START DATASET EXCERPTS

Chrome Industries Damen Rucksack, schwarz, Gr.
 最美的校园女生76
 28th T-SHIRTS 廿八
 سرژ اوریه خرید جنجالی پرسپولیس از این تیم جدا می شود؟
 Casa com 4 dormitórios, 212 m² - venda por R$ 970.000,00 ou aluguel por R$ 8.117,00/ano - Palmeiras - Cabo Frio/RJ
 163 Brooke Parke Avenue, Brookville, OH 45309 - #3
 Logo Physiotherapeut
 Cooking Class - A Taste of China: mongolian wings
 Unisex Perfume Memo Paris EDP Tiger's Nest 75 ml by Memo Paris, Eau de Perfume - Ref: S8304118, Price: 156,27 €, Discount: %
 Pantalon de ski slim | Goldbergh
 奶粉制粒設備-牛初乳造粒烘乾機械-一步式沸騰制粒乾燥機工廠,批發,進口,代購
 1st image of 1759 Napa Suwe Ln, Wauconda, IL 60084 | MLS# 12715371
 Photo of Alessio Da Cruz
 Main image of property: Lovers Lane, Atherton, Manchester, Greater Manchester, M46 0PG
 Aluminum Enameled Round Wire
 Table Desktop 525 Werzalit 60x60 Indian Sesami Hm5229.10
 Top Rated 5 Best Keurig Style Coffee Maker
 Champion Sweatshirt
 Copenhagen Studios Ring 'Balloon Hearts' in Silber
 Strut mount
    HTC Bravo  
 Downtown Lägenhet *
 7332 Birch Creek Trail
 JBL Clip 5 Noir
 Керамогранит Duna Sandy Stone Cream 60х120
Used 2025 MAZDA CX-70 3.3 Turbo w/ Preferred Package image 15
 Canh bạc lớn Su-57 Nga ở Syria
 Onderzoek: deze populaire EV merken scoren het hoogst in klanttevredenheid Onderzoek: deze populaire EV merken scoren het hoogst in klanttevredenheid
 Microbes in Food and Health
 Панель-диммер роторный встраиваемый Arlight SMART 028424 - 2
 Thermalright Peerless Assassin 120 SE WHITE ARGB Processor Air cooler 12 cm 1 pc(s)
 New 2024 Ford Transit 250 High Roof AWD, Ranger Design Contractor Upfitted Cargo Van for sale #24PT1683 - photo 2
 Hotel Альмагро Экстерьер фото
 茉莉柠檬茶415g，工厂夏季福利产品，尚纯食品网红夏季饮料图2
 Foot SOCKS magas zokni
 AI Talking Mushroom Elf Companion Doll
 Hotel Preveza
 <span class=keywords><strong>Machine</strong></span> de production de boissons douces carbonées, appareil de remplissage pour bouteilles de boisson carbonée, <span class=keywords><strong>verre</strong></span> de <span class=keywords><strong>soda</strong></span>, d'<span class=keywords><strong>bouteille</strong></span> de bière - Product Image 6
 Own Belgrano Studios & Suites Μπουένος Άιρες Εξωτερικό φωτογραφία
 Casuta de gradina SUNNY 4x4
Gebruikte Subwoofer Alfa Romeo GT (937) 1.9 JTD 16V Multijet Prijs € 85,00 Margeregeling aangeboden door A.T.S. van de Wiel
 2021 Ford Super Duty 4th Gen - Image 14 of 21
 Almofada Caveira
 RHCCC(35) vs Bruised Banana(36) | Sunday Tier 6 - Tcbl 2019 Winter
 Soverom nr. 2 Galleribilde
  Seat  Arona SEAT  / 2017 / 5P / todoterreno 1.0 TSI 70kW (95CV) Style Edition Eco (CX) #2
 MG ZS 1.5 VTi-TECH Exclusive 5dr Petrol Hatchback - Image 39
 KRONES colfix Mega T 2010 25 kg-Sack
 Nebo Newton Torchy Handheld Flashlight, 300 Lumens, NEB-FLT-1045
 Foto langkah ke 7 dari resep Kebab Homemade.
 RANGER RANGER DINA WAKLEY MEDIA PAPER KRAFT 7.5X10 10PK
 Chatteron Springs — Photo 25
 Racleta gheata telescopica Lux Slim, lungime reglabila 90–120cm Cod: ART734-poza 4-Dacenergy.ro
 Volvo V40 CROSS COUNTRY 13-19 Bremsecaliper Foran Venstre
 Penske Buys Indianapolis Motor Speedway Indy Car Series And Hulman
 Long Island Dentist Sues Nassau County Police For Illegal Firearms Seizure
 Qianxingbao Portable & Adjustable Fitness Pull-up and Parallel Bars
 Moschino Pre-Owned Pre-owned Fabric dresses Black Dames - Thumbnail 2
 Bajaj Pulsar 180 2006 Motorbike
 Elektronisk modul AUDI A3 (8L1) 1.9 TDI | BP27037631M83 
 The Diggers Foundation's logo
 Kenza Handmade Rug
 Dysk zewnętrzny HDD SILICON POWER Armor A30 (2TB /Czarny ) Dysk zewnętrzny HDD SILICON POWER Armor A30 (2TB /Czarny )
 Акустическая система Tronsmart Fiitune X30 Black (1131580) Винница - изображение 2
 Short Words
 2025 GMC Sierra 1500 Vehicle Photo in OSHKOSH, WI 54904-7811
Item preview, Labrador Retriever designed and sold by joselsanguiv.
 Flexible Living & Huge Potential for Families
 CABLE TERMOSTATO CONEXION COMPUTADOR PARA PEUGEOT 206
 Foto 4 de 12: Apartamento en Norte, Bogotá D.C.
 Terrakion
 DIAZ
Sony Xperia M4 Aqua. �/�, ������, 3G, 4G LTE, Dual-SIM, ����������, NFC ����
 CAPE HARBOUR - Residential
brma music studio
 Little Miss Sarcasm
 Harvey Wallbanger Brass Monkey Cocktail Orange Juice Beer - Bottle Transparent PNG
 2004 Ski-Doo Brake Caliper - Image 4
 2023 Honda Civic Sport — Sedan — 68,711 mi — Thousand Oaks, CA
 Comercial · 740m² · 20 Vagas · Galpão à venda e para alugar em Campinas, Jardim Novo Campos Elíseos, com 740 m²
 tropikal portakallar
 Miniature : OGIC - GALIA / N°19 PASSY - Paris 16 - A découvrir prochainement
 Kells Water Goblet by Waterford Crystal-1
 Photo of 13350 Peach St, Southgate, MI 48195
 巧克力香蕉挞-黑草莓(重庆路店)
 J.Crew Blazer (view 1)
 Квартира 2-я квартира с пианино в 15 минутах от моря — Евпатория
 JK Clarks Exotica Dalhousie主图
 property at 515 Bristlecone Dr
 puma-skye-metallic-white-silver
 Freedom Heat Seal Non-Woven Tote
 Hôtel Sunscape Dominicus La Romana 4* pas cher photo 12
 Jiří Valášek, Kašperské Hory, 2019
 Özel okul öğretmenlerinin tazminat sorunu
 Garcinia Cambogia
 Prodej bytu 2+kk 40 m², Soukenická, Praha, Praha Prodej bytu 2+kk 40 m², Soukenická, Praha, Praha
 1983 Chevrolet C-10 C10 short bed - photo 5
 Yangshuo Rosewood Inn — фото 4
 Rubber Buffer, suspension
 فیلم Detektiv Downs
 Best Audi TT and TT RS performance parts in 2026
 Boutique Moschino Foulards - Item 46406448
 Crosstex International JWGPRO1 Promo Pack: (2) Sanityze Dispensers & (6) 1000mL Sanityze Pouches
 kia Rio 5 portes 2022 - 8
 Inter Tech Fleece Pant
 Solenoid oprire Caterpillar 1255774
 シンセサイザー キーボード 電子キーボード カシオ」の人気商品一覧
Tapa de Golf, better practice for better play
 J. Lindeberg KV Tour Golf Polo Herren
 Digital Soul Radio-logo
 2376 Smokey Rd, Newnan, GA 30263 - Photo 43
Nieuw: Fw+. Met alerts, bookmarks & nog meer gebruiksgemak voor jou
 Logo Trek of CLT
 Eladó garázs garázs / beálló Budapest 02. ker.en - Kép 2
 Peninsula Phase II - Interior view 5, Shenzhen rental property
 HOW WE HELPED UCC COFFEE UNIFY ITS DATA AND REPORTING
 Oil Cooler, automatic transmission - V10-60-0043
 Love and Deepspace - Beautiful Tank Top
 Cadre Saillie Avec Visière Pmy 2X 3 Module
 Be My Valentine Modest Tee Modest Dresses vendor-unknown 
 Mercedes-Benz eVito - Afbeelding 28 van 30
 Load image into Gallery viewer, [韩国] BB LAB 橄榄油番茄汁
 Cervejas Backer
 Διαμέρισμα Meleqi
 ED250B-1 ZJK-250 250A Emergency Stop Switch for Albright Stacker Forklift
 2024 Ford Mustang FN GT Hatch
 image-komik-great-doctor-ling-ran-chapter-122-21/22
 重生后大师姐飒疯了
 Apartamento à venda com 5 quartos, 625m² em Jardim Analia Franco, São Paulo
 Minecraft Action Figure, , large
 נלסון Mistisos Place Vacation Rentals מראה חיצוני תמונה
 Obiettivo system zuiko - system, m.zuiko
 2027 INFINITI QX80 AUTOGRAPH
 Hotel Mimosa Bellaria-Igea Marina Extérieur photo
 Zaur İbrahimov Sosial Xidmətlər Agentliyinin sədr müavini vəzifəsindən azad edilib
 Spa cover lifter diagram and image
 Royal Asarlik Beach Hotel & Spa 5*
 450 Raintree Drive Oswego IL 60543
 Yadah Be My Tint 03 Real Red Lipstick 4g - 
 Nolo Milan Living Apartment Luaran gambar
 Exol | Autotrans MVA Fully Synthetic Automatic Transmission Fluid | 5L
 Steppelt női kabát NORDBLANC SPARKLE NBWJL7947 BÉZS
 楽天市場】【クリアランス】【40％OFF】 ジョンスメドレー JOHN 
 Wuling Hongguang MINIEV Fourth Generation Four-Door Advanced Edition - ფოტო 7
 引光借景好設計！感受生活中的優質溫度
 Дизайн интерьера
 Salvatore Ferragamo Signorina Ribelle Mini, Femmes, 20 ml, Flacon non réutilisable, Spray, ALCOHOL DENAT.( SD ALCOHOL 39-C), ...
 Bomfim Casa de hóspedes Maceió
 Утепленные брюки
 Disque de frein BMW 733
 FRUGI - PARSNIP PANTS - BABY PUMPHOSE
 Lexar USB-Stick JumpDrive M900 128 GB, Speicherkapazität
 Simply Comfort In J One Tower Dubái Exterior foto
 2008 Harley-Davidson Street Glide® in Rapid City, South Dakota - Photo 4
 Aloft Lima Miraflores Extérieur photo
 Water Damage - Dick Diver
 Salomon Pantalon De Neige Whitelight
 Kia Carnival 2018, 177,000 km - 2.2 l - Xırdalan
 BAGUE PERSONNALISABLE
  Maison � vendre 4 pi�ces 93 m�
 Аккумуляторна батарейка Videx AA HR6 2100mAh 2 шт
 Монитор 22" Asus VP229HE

END DATASET EXCERPTS

▸ PROBLEM DETAILS
Would you print exactly, and only, the lines of the data above from the line with "Salvatore Ferragamo Signorina" through the line with "Аккумуляторна батарейка Videx", inclusive?

▸ TASK RESPONSE
 Salvatore Ferragamo Signorina Ribelle Mini, Femmes, 20 ml, Flacon non réutilisable, Spray, ALCOHOL DENAT.( SD ALCOHOL 39-C), ...
 Bomfim Casa de hóspedes Maceió
 Утепленные брюки
 Disque de frein BMW 733
 FRUGI - PARSNIP PANTS - BABY PUMPHOSE
 Lexar USB-Stick JumpDrive M900 128 GB, Speicherkapazität
 Simply Comfort In J One Tower Dubái Exterior foto
 2008 Harley-Davidson Street Glide® in Rapid City, South Dakota - Photo 4
 Aloft Lima Miraflores Extérieur photo
 Water Damage - Dick Diver
 Salomon Pantalon De Neige Whitelight
 Kia Carnival 2018, 177,000 km - 2.2 l - Xırdalan
 BAGUE PERSONNALISABLE
  Maison � vendre 4 pi�ces 93 m�
 Аккумуляторна батарейка Videx AA HR6 2100mAh 2 шт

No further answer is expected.